The appellate court said in previous cases it “has recognized that ERISA plans have an interest in ‘finality of decisions’ regarding claims for benefits that militates against reopening a plan’s administrative claim process willy-nilly.” It has also found that failure to file a timely administrative appeal from a denial of benefits “is one means by which a claimant may fail to exhaust her administrative remedies.”
“[T]he administrator must implement and follow the plain language of the plan, in so much as they are consistent with the statute. This includes a deadline that is consistent with the regulations governing ERISA claims,” the opinion said.
The court found Edwards has never offered an explanation for the untimeliness of her appeal that would warrant an exercise of discretion by the plan administrator in her favor.
In addition, the court found Edwards’s reliance on Wisconsin’s “notice-prejudice” statute to be misplaced. It explained that under the statute in question, where a policy of liability insurance requires an insured to give notice of claims to an insurer, “failure to give any notice required by the policy within the time specified does not invalidate a claim made by the insured if the insured shows that it was not reasonably possible to give the notice within the prescribed time and that notice was given as soon as reasonably possible.”
The court noted that in this case, the plan is not an insured plan, and the benefits at issue are disability benefits, not liability insurance, which is the type of insurance governed by the Wisconsin statute. In addition, the plan points out that state notice-prejudice rules typically apply only to initial denials of benefits. Finally, Edwards never has explained the reason for the untimeliness of her administrative appeal and therefore has not shown either that it was not reasonably possible to give notice within the prescribed time or that notice was given as soon as reasonably possible.

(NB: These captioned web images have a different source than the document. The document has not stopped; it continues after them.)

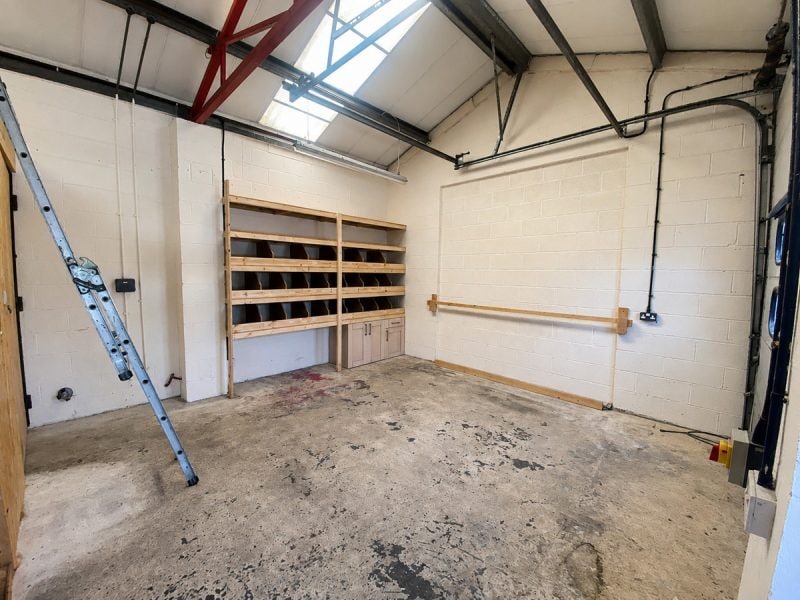 Brunt Acres Rd, Hawes to rent Interior Photo- Image 1 of 3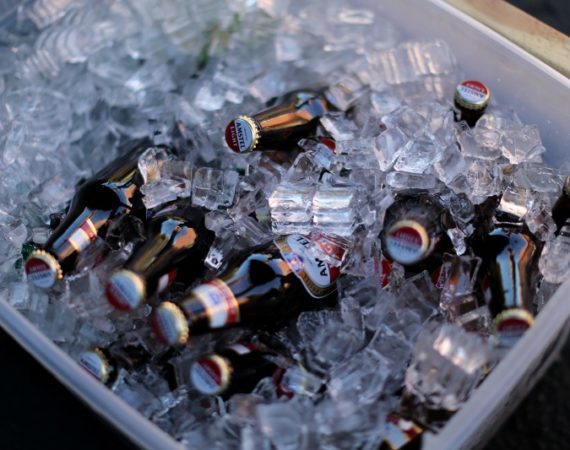 Пиво замерзло в холодильнике. Что делать и можно ли пить?
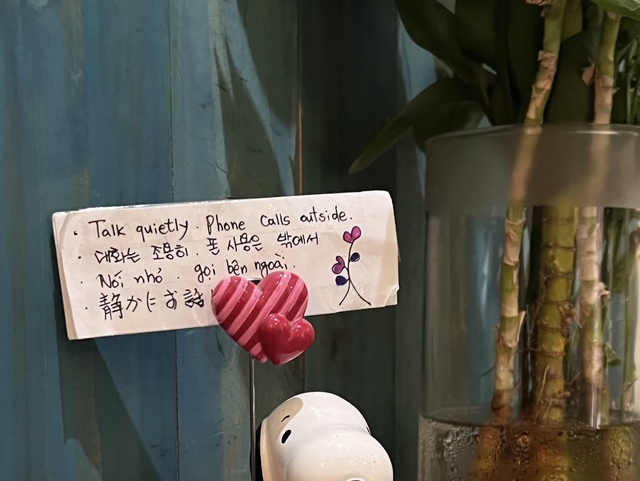 In Ho Chi Minh City, cafés use time limits, bare restrooms to manage customers - Ảnh 3. In Ho Chi Minh City, cafés use time limits, bare restrooms to manage customers - Ảnh 3.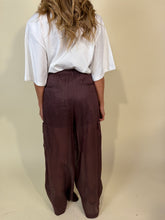 Carica l'immagine nel visualizzatore di Gallery, Pantalone Royal Brown | Lino | Set.
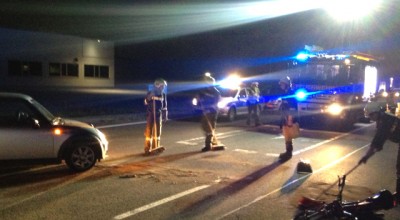 Aufräumarbeiten nach Verkehrsunfall 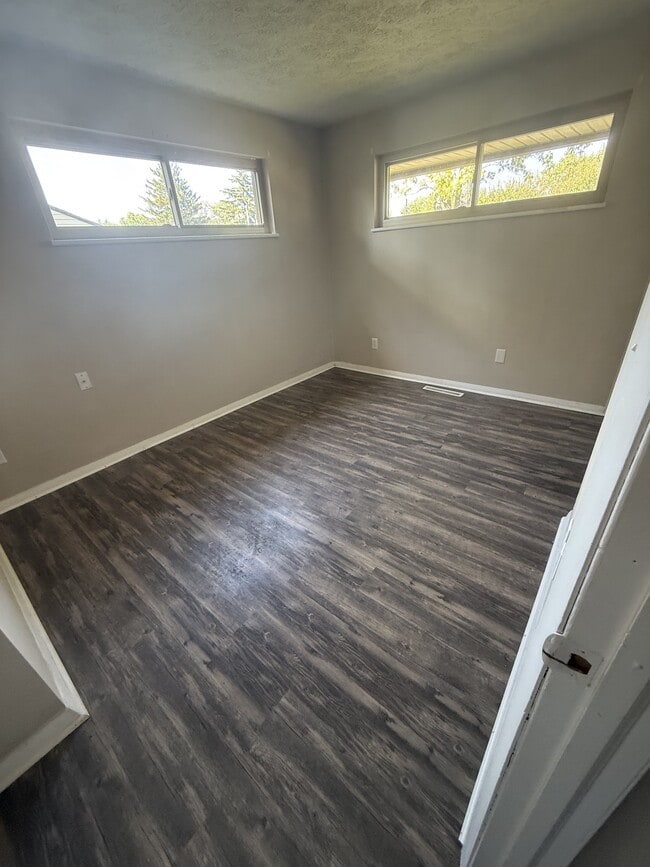 Photo - 6185 Farmborough Dr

According to the opinion, Edwards filed a claim for disability benefits after her doctor determined she was totally and permanently disabled. However, her employer Briggs & Stratton’s own doctor determined she was not, so her claim was denied.
The letter informing Edwards of the denial of her claim advised her that she had 180 days from receipt of the letter to appeal the denial of benefits to the plan’s Retirement Committee. In addition, a letter to Edwards’s counsel said the appeal letter must be received by the plan by March 31, 2008. The appeal letter was not received by the plan until April 11, 2008.The case is Edwards v. Briggs & Stratton Retirement Plan, 7th Cir., No. 09-2326.